Link Posted: 10/9/2004 7:03:48 PM EST
[Last Edit: 10/9/2004 7:08:48 PM EST by G35]
NOT RIGHT AT ALL !!!!

That top ring has a section missing. It was probably cracked when it was being assembled, and at some point in time, the cracked section fell out.

An AR probably will function with with just one ring. So, your AR has two functioning rings. Yea, it will most likely function flawlessly for a long time to come. However, the smart thing to do would be to replace that one ring. I would even recommend replacing ALL THREE rings because, at this point, I would question the state of the remaing two "good" rings.

By the way - Yes, it is safe to operate the AR in this condintion. The gun will not blow-up on you. But, the reliability of the weapon is questionable with regards to cycling.
Link Posted: 10/9/2004 7:25:29 PM EST
Thanks you for the reply. It's nice to get a straight answer. I will do just what you said one Monday!
Link Posted: 10/9/2004 8:45:01 PM EST
Gas rings are cheap, why not do as I and many others do, just order a bunch to keep on hand?

You will see that most of the small parts are quite inexpensive. What eats up your money on this stuff is shipping. Just go on and invest $50-$75 and buy yourself a stash of spare parts once and be done with it.

And don't just order 3 gas rings. Gee, you have to replace them now. Go on and get 3 SETS, 9 rings. Or consider the McFarland one-piece spiral ring.

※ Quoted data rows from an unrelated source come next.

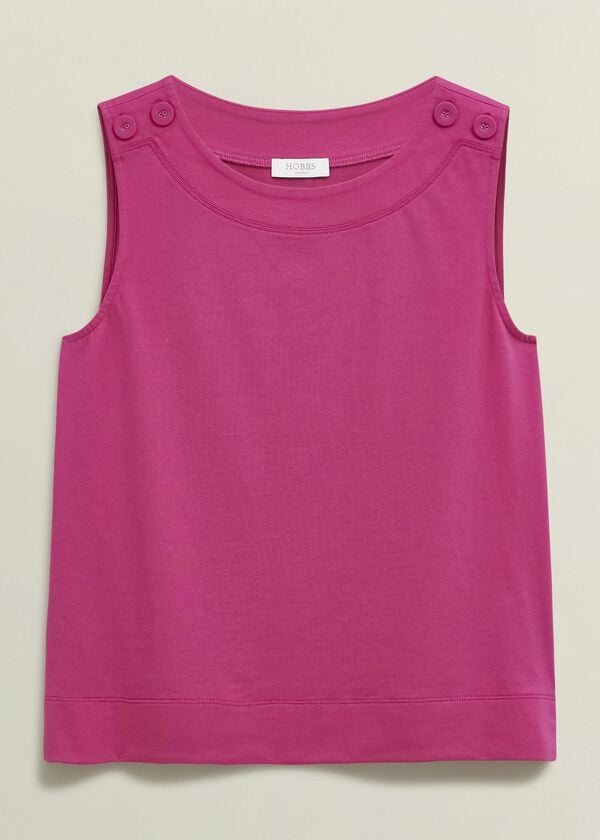 Hobbs Maddy Top Tulip Pink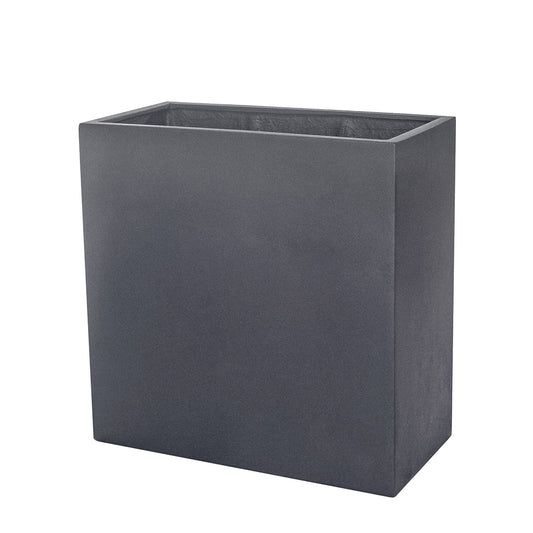 Sandal Planter 361836 - Charcoal P-Lite - S/1
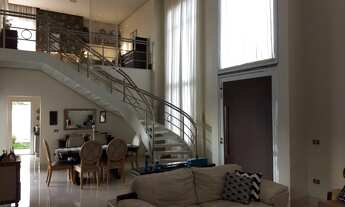 Imagem 2: Casa de alto padrão a venda no condomínio IpêsAmarelo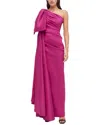 Rachel Gilbert Alessandra Gown In Pink
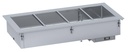 Einbau Bain-Marie 4/1 Automatische, 1440 x 610 x 302 mm
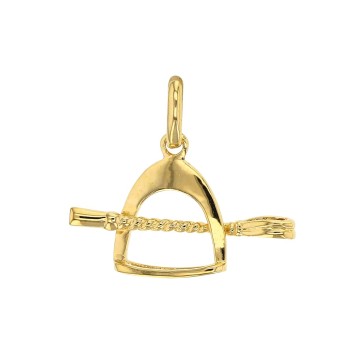 Gold plated riding pendant 3260058 Laval 1878 22,00 €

Other parts to consider stocking, firing pin, firing pin retainer (aka cotter pin), extractor, its spring and pin, hammer and trigger springs, hammer/trigger pin, disconnector and spring, various detents and springs.
Link Posted: 10/10/2004 3:14:42 PM EST
I will do that. Luckily here in the Phoenix area there are a bunch of vendors/manufacturers so I dont have to worry about the shipping. It just shouldnt happen on a brand new rifle thats all.
Link Posted: 10/21/2004 7:30:58 AM EST
They are now offering a new one piece gas ring now,I saw them advertised in the new shot gun news for like $8.00.
Link Posted: 10/21/2004 7:59:16 AM EST

Originally Posted By hitman488:
They are now offering a new one piece gas ring now,I saw them advertised in the new shot gun news for like $8.00.



Just go to a gun show, they sell them for about a $1 a piece. Buy a bunch, you never know when you'll need one and they should be replaced after a year of shooting anyway.
Link Posted: 10/21/2004 11:50:55 AM EST
I used a Mac Farlane ring in one of my NRA Service Rifles for a bit. After half a season, the bolt would slip back into the carrier of its own weight , and I put GI rings in it from then on. I did not have any problems, it was just saying it was worn out.

Later on in the season, I watched a space gun progressively go from fine to severely short stroking in one tens shot string. It was a previously reliable Scott Medesha space gun, so we doubted inherent problems. Open it up, clean everything, oil it, and shoot it, and within a couple strings it would do this oddball thing where the bolt would stroke shoter on each shot and the ejection pattern would swing from 4 o'clock towards 1 o'clock more with each shot until it would just stuff the fired round back in the chamber. After much fussing, the owner, out of desperation if nothing else, pulled the Mac Farlane ring he had installed a thousand rounds back and installed three GI rings, and it shot flawlessly after that.

I would just stay with GI rings, keep spares handy, and when the bolt can slide into the carrier of its own weight, change rings.